- **WORK TO BE COMPLETED**: Once the line containing "Inhoud pallet diverse" is found, please copy it and all lines after it through the end of the records, exactly, leaving out pictures.

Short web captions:

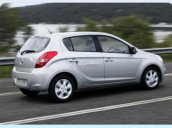 Gia đình bán Hyundai i20 năm 2011, màu bạc, nhập khẩu, giá chỉ 325 triệu
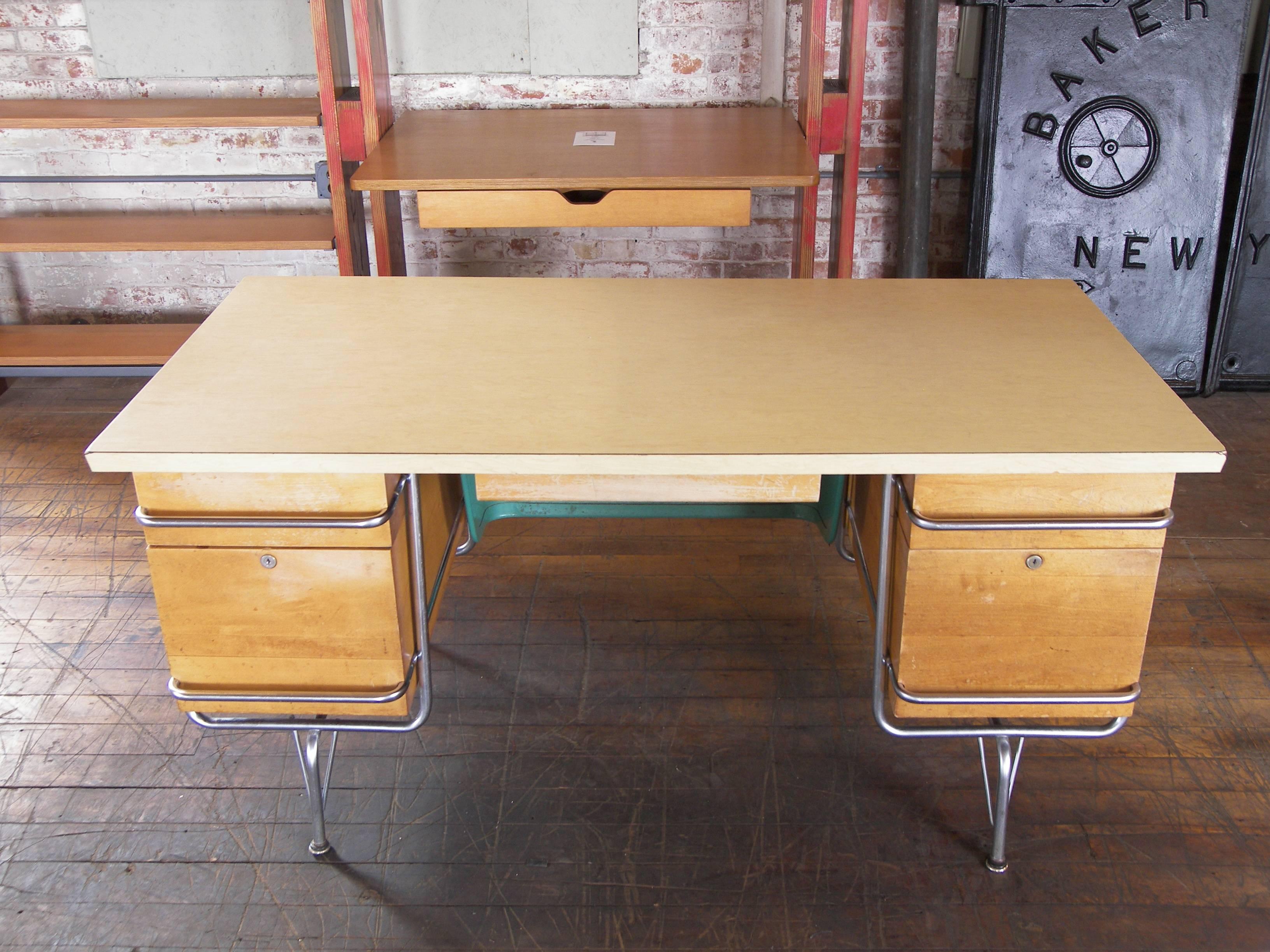 North American Heywood-Wakefield Desk, 1950s Mid-Century Modern Trimline Chrome and Wood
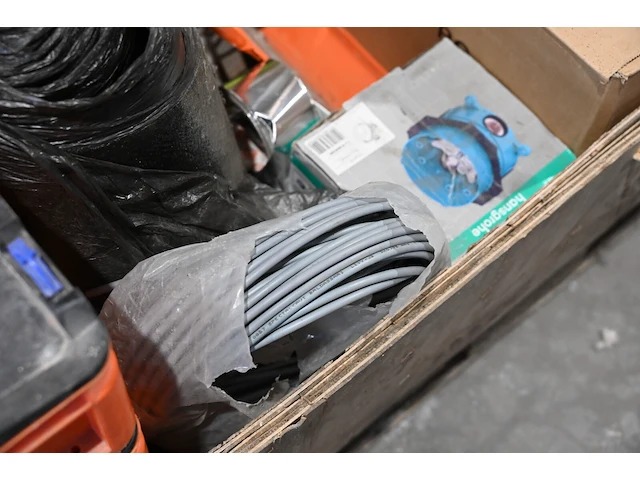 Inhoud pallet diverse werkmateriaal - afbeelding 6 van  6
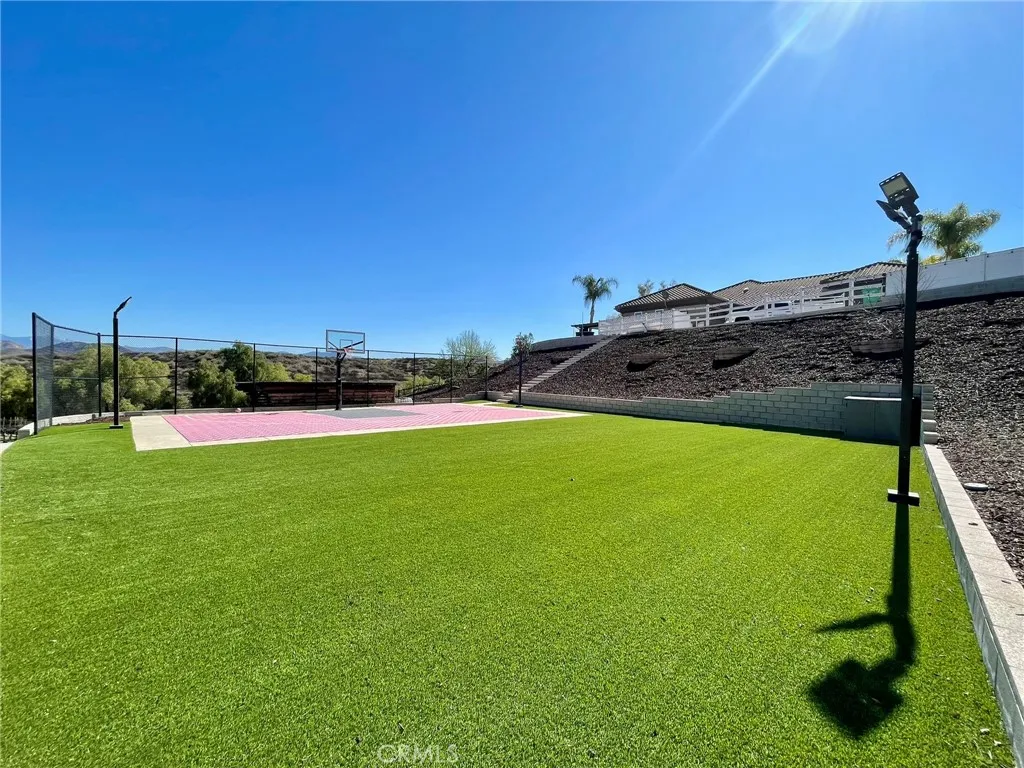 39526 Calle Cabernet, Temecula, California 92591 home-pic-65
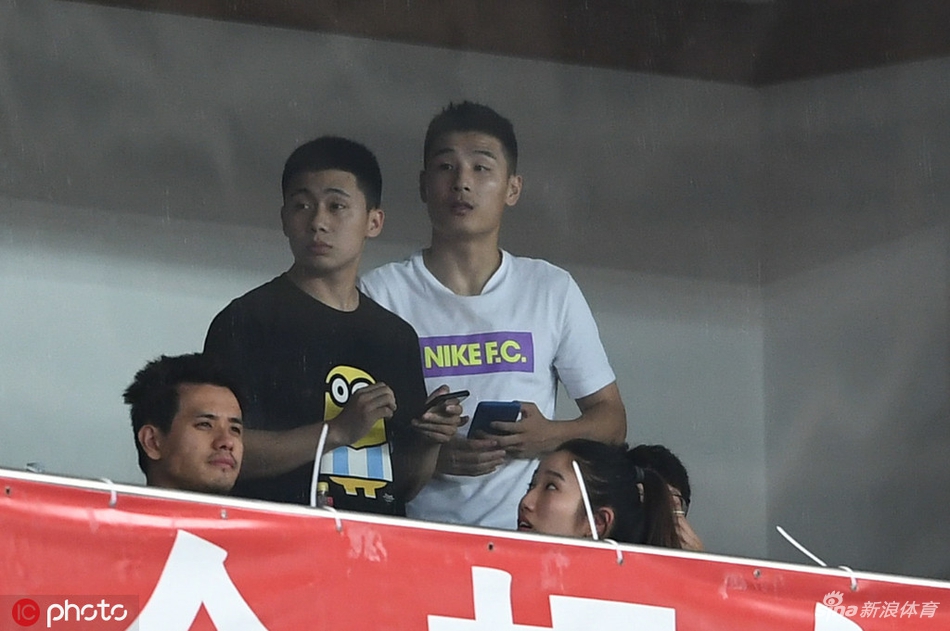 武磊看台观战上港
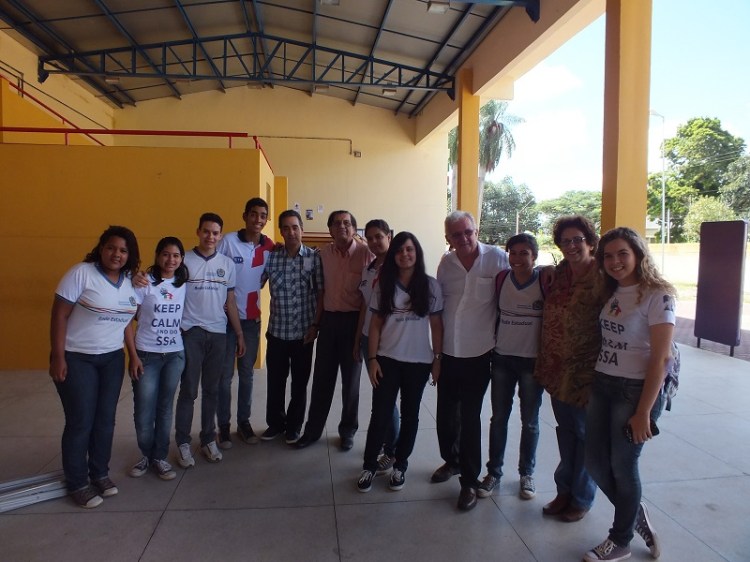 Die Jugendlichen mit den  Koordinatoren und Zeitzugen des Projekts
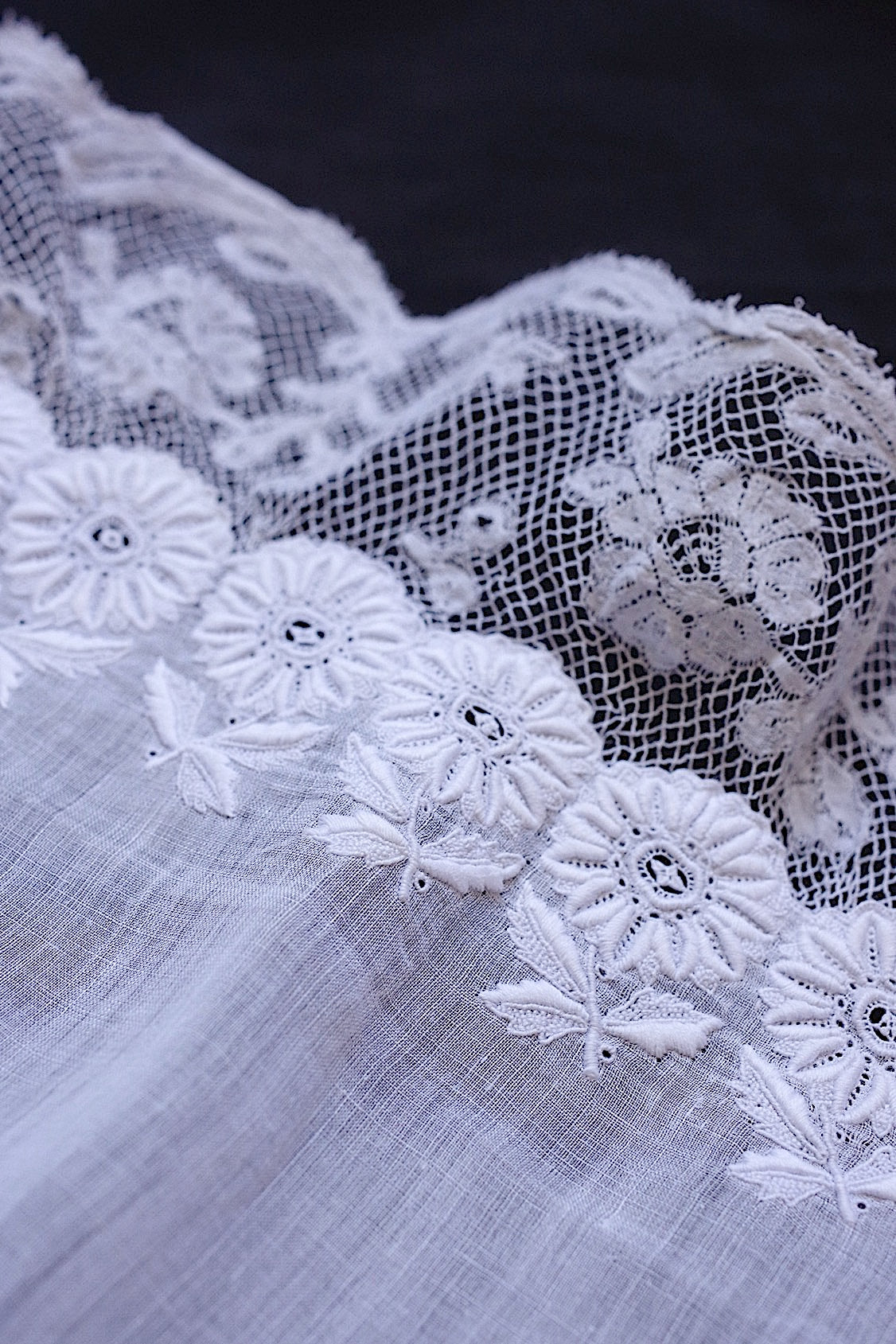 アンティークレースハンカチ mouchoir antique .FR a l'epoque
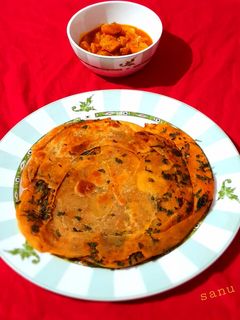 मेथी लच्छा पराठा (methi lachedar paratha recipe in Hindi) रेसिपी मुख्य फोटो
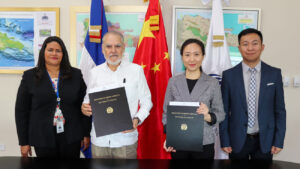 China dona fondo para contribuir a la labor de los guardaparques RD
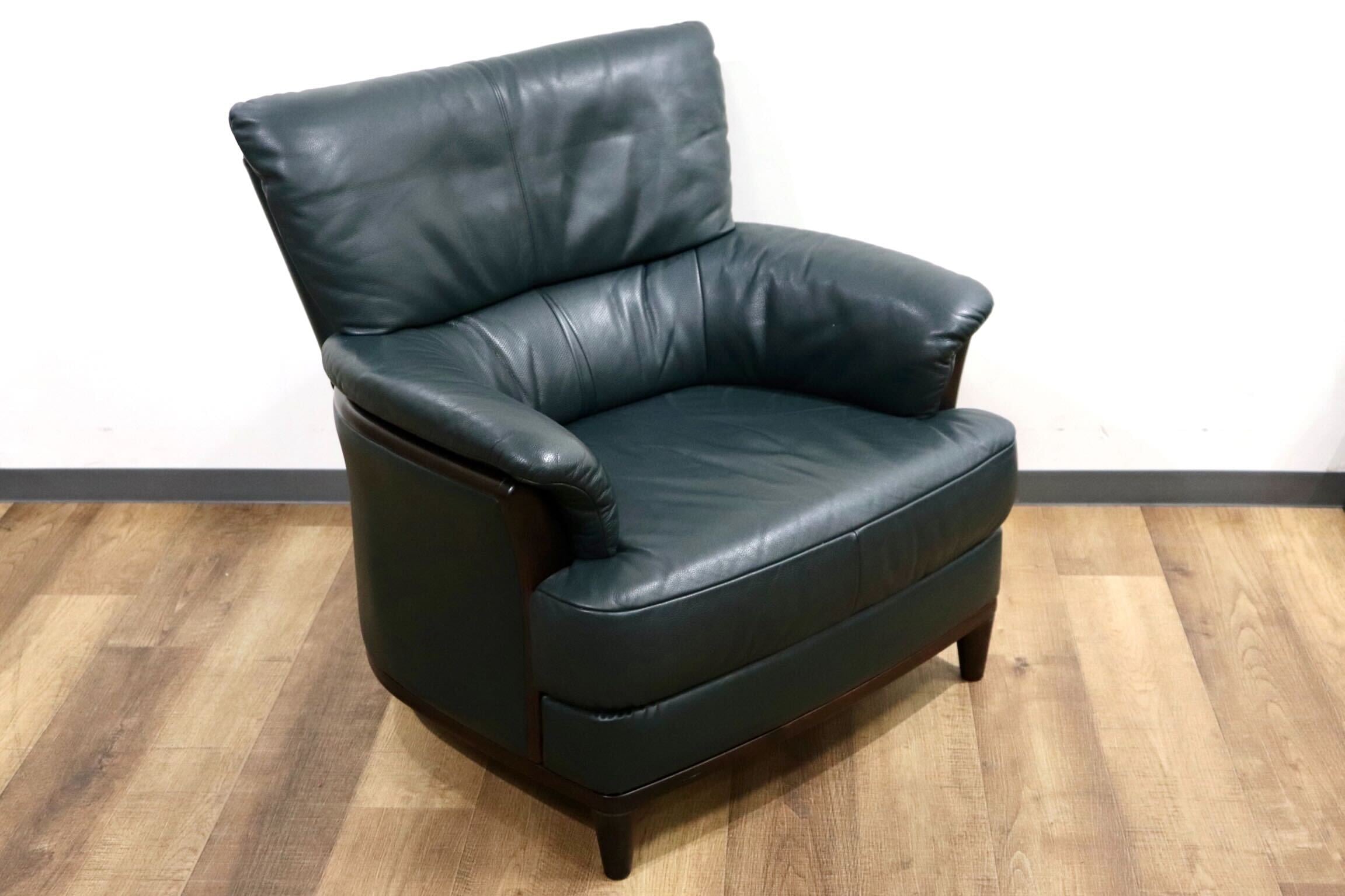 GMHN264B○karimoku / カリモク ZU2000 1人掛けソファ シングルソファ ラウンジチェア アームチェア 本革 ダークグリーン モダン 国産家具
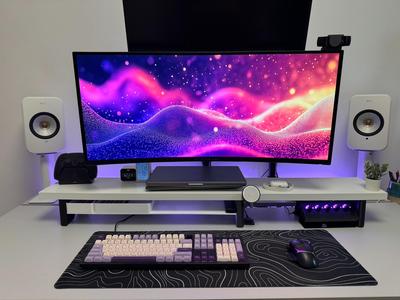 Forgedeck: Custom Desk Shelf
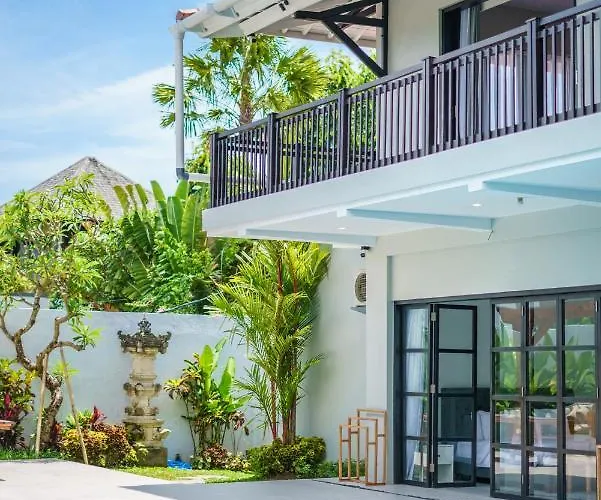 Villa Okenada - Modern 5-bedroom Pool In Berawa!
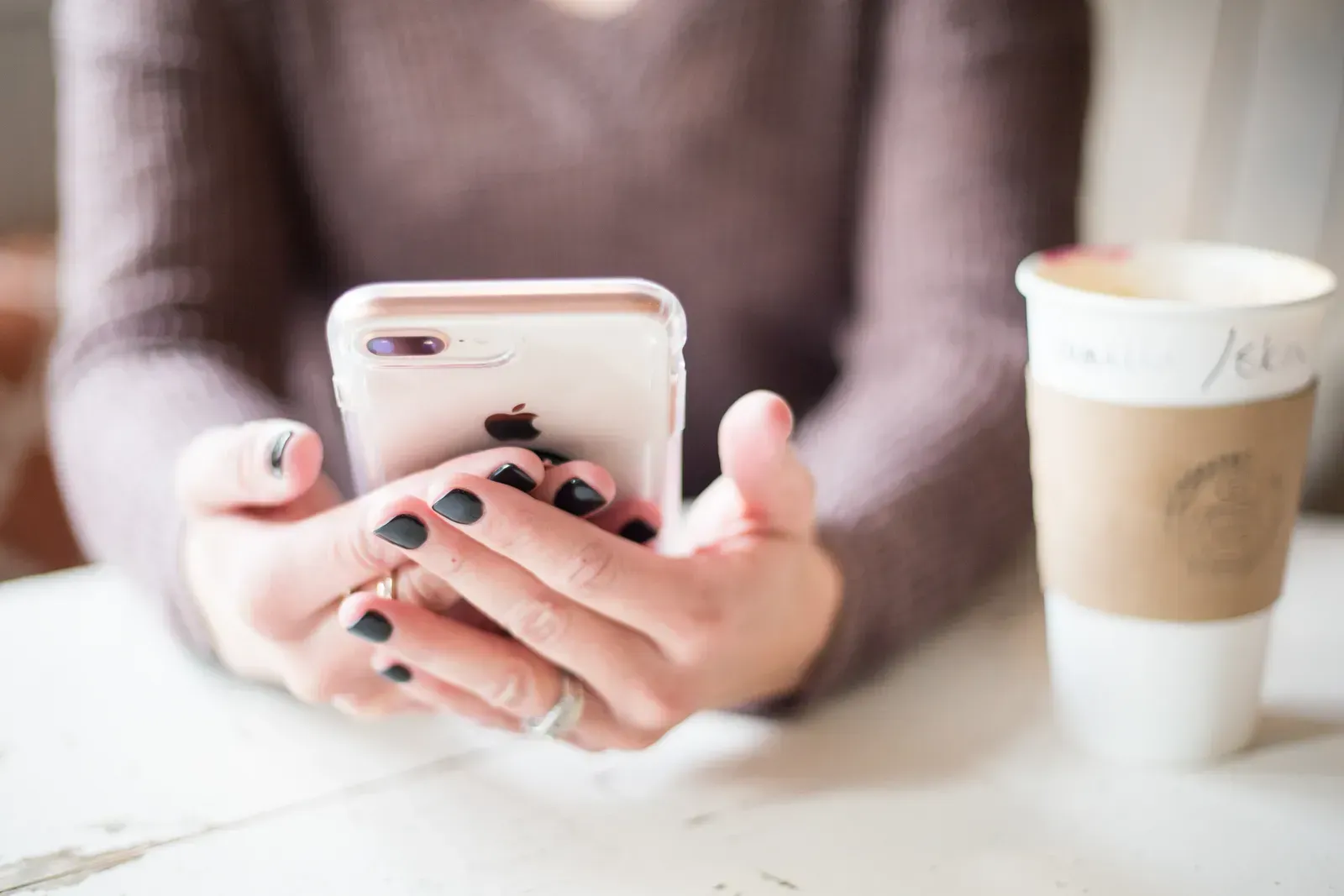 3. Being glued to the phone throughout the date (By Kristin Hardwick, <a href="https://commons.wikimedia.org/w/index.php?curid=117883893" target="_blank" rel="noopener">CC0</a>)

- **TASK ANSWER**:
 Inhoud pallet diverse werkmateriaal - afbeelding 6 van  6
 39526 Calle Cabernet, Temecula, California 92591 home-pic-65
 武磊看台观战上港
 Die Jugendlichen mit den  Koordinatoren und Zeitzugen des Projekts
 アンティークレースハンカチ mouchoir antique .FR a l'epoque
 मेथी लच्छा पराठा (methi lachedar paratha recipe in Hindi) रेसिपी मुख्य फोटो
 China dona fondo para contribuir a la labor de los guardaparques RD
 GMHN264B○karimoku / カリモク ZU2000 1人掛けソファ シングルソファ ラウンジチェア アームチェア 本革 ダークグリーン モダン 国産家具
 Forgedeck: Custom Desk Shelf
 Villa Okenada - Modern 5-bedroom Pool In Berawa!
 3. Being glued to the phone throughout the date (By Kristin Hardwick, <a href="https://commons.wikimedia.org/w/index.php?curid=117883893" target="_blank" rel="noopener">CC0</a>)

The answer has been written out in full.